Miss A Columnist

Maureen Donohue was born and raised in the United States, yet she shares her heart between two countries- the United States and Canada. Having duel-citizenship Maureen spends a majority of her life traveling to Ottawa. Maureen is a certified teacher for General and Special Education grades birth through sixth. Living in New York City, she enjoys all of the spontaneous adventures available to her.

The Lost Wax Studio In New York

The Lost Wax Studio is a unique jewelry store located on 171 Elizabeth Street in Manhattan. The Lost Wax Studio has been open for 18 months and features various designers work such as Tam Tran, Christine McKee, and Yuval Alexander. On Thursday, May 9, 2013 the studio welcomed guests to view a new jewelry collection called the LOST WAX & AROC URTU in collaboration with fine jeweler, Lauren Bergman.

Lauren Bergman and Tam Tran. (Photo Credit: Maureen Donohue.)

Lauren Bergman and Tam Tran. (Photo Credit: Maureen Donohue)

Artists Tam Tran and Lauren Bergman collaborated together to create jewelry for the handmade Lost Wax & Aroc Urtu Collection. This collection features jewelry of love and commitment. Tam and Lauren sought to create a collection look that was beautiful and exotic yet that could be used for everyday wear. Some jewels within this collection feature sliced diamonds, rose diamonds, and moon stones. Tam and Lauren use distinctive features for their jewelry such as braiding and using hand dyed silk with a toxic-free dye. The love and commitment focused collection features male jewelry as well. The rings made for men are masculine, dark, edgy, and exemplify creative choices. Various rings for males are made of silver binding, black rhodium, and sterling silver. Attendees of Thursday’s event were able to create their own stylish and unique rings from wire and beads through the help of a step-by-step instruction.

Select items from the new collection. (Photo Credit: Maureen Donohue.)

Select items from the new collection. (Photo Credit: Maureen Donohue)

On a frequent basis the Lost Wax Studio offers diverse workshops to the public.Workshops include leather and bead double wrap bracelets, pearl and bead stringing and knotting, introduction to metalworking and making stacking rings, and working with metal wire to create wire nest rings, bracelets, earrings and necklaces. However, workshops are not strictly jewelry based. For instance, a make your own moccasin workshop has been held at the studio.As well as holding workshops at The Lost Wax Studio, Tam Tran, designer and metal smith is also an educator at The Metropolitan Museum of Art. Tam enjoys holding workshops at the museum because it helps viewers change the way they see works of art at the MET. This past November, Tam conducted a metalworking workshop focused around the Hundred-Year Anniversary of Arms and Armor.
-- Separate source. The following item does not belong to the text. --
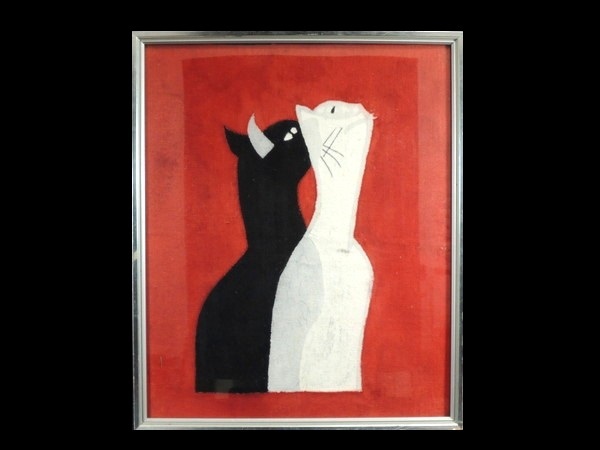 Reproduction/Dye artist Chiyo Kato/ Black Cat and White Cat /Dye painting/Framed item/Cat/Cat/Fabric painting/Artist's work/Folk art/Folk craft/Local folk art/Artwork, Artwork, Painting, others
Tran will be holding her next workshop called “Linking the Past: Wirework Inspired by Ancient Jewelry” at The Metropolitan Museum of Art on June 8, 2013. To learn more about this workshop click here, or to access the Lost Wax Studio’s blog site to view videos and work examples from the workshops click here.

Tam Tran and Lucas Michael. (Photo Credit: Maureen Donohue.)

Tam Tran and Lucas Michael. (Photo Credit: Maureen Donohue)

Also, Tam Tran is a supporter of Visual AIDS, a contemporary arts organization dedicated to help fight AIDS and prevent HIV. Visual AIDS fights this powerful life-long illness through provoking dialogue, supporting HIV+ artists, producing and presenting visual arts projects, and honoring the work of artists with HIV/AIDS and their contributions to the AIDS movements. To honor the organization’s twenty-fifth year of fighting strong, Tam created and donated 300 bracelets for the event for various artists who were a part of Visual AIDS. Visual AIDS board member, Lucas Michael, was present on Thursday’s event. Lucas explained the story behind each bracelet, how each bracelet came wrapped in a postcard, and how inside each postcard was a script that explained the design behind the bracelet. Each bracelet had red ribbon and a plus symbol displayed on a medallion. The red ribbon symbolized AIDS, but also Visual AIDS – the organization that invented the infamous red ribbon which gave a face to AIDS. The plus symbol symbolized positivity and positive energy.  Whether you are a male or female looking to purchase jewelry visit the Lost Wax Studio. It is guaranteed that you will find items that speak to your unique style and personality. I highly recommend attending a workshop to learn how to create your own jewelry. Upon completion of creating a wire ring I felt very accomplished and the compliments never ended! Let your style be true to you.